The specific process is as follows:

  1. Input: source context and image input of this time step;
  2. The low-level capsule was initialized. Procedure Initialize each low-level capsule UI with image input;
  3. Multimodal context capsule initialization. Initializing multimodal context capsule MJ with source context;
  4. According to the low level and dimensions of the high – level capsule, with Wij matrix to a mapping of the UI, get the middle tier u_j | I;
  5. ρij represents the correlation between MJ and UI, which is then used to update BIJ. Bij is obtained by Softmax operation, and CIJ is used to determine the update of intermediate layer to high-level capsule layer.
  6. The high-level capsule layer was then used to calculate the multimodal correlation MJ, which was used to update the ρ IJ.
  7. Output: multimodal context.

In general, the author relies on the correlation between the source sentence context calculation and image features to form a dynamic routing mechanism to guide the iterative extraction of visual features, which can effectively extract the visual information needed for translation and integrate it into the multi-modal context for decoding and generating target sentences.

Experiments

Results

The authors selected several widely used MMT models as baseline:

  • Transformer: Plain text machine translation based on Transformer;
  • Encoder-attention: An encoder-based visual attention mechanism has been added to Transformer;
  • Doubly-attention: Introduces an additional sublayer of visual attention to take advantage of the visual features.
  • Stochastic attention: a random, sampling-based attention mechanism that focuses on only one spatial position of an image at each time step;
  • Imagination: A multi-tasking learning model that includes translation and visual-based representation predictions;
  • Fusion-conv: A single feedforward network is used to establish the attention alignment between the visual features and the hidden state on the target side at each time point, in which all spatial positions of the image are considered to derive the context vector;
  • Trg-mul: Use element multiplication to modulate the embedding and visual features of each target word.
  • Latent Variable MMT: A Latent Variable is designed for MMT, which can be viewed as a multimodal random embedding of the image and its target language description.
  • ____ Network: Based on the translate-and-refine policy, the visual features are used by the decoder only in the second stage.

The results of the English-German translation task are as follows:

With the introduction of 1M extra parameters, DCCN outperforms almost all other models on three data sets.

  • Better than Encoder-attention: Encoder-attention uses static source hidden state to extract visual background, while DCCN uses specific time step source side context to extract visual context. The dynamic routing mechanism of capsule network can generate multi-modal context with higher quality by calculating the correlation between different modes.
  • Better than Doubly-attention: Doubly-attention also uses the source-side context of a specific time step, but DCCN still achieves better results, which demonstrates the effectiveness of the dynamic routing mechanism.

Ablation Study

The author carried out ablation experiments for several innovative points in this paper.

It can be seen from the results that both regional and global visual features are useful, and the dynamic routing mechanism can extract the two visual features better than the traditional attention mechanism.
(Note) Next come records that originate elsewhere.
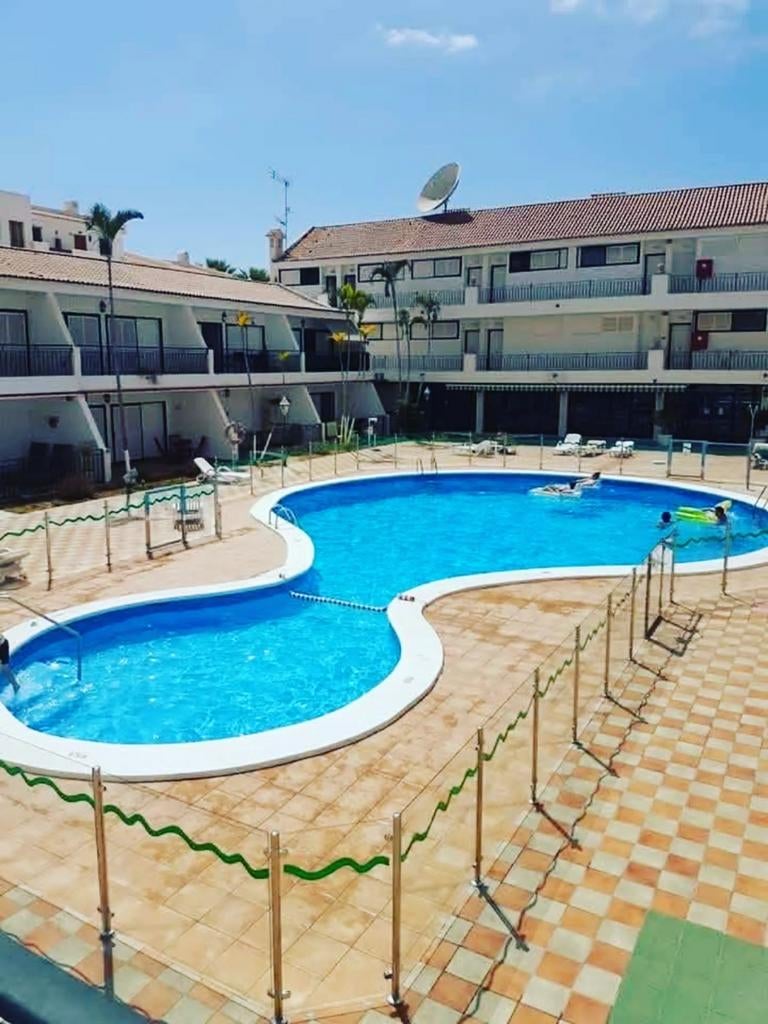 Studio rez-de-chaussée à Los Cristianos Tenerife Sud, Immo, Buitenland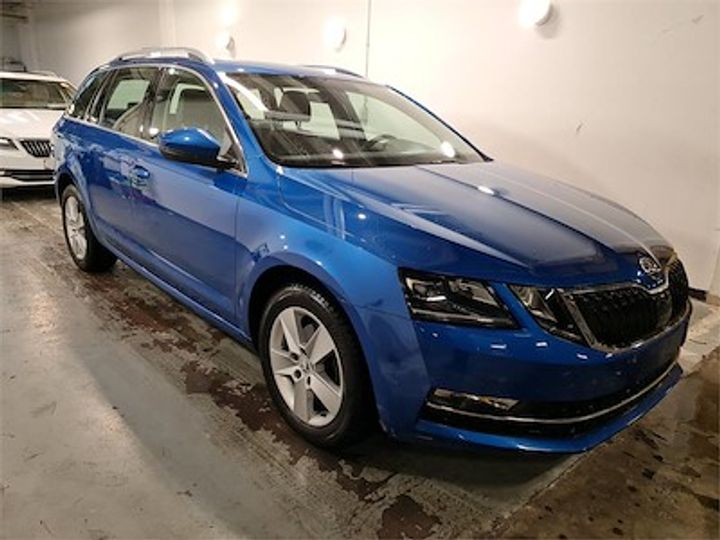 Photo 2 VIN: TMBJP9NE6J0092029 - SKODA OCTAVIA 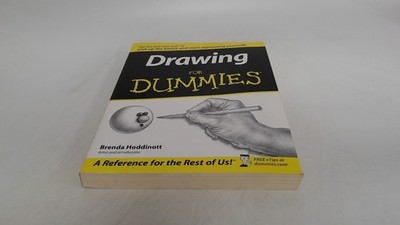 			Drawing For Dummies , Hoddinott, Brenda, John Wiley and Sons, 200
In line 7, the author removes the context guidance in dynamic routing and uses the standard capsule network to extract visual features, but the performance is also sharply reduced, indicating that the scheme of dynamic extraction of visual features in different time steps is also effective.

Summary

In this paper, capsule network method is applied to MMT, and source sentence context is used to dynamically guide visual feature extraction at different time steps. Experimental results show that the proposed scheme makes full use of semantic interaction between modes to extract effective visual information and achieves SoTA in MMT task.